EXERCISE GOAL
Copy exactly the stretch of data below from the line with "Screen Shot 2014-04-08 at 7.26.52 AM" through the line with "WOYE Phone Cases-7", including both of those lines.

PROVIDED INFORMATION
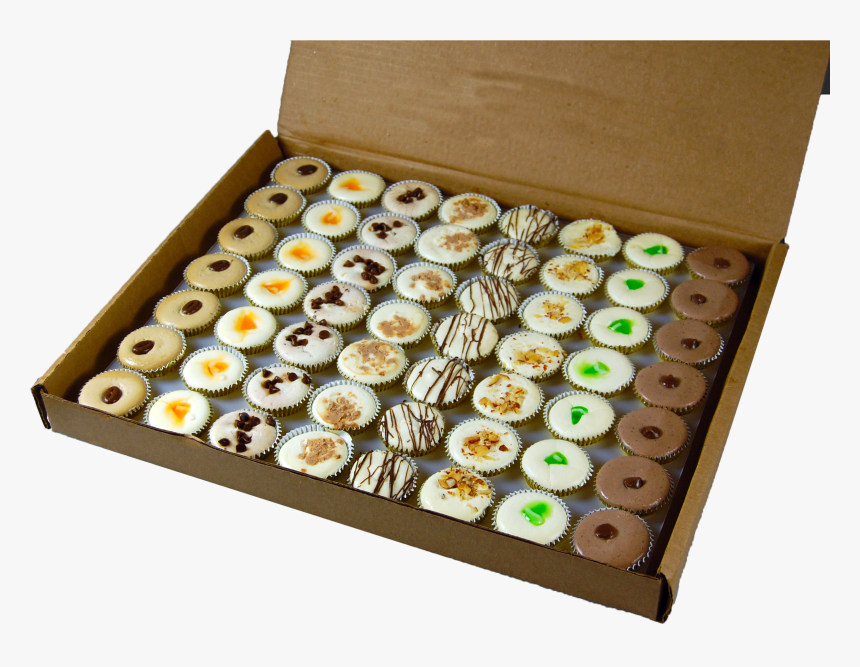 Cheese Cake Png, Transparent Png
==
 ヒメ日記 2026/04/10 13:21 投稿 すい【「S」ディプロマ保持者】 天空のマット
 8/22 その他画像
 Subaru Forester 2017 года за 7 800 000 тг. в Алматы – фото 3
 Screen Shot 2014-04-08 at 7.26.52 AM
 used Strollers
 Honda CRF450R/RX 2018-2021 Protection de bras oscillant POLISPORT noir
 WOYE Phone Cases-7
==
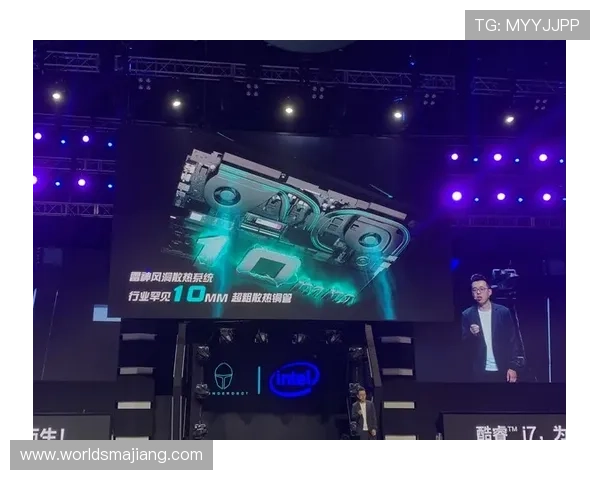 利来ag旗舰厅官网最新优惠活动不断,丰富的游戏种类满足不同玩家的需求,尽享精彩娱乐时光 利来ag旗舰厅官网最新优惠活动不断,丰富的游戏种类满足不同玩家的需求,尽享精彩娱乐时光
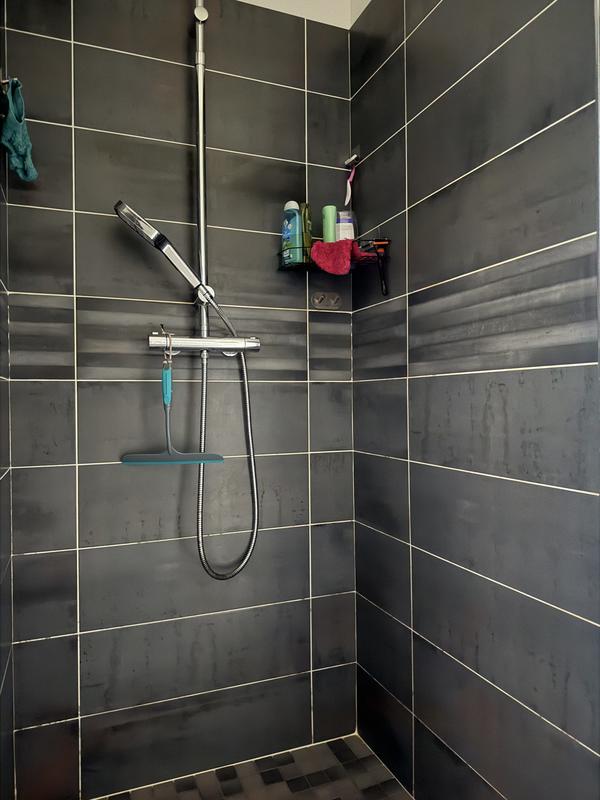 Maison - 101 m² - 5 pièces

RESULT
 Screen Shot 2014-04-08 at 7.26.52 AM
 used Strollers
 Honda CRF450R/RX 2018-2021 Protection de bras oscillant POLISPORT noir
 WOYE Phone Cases-7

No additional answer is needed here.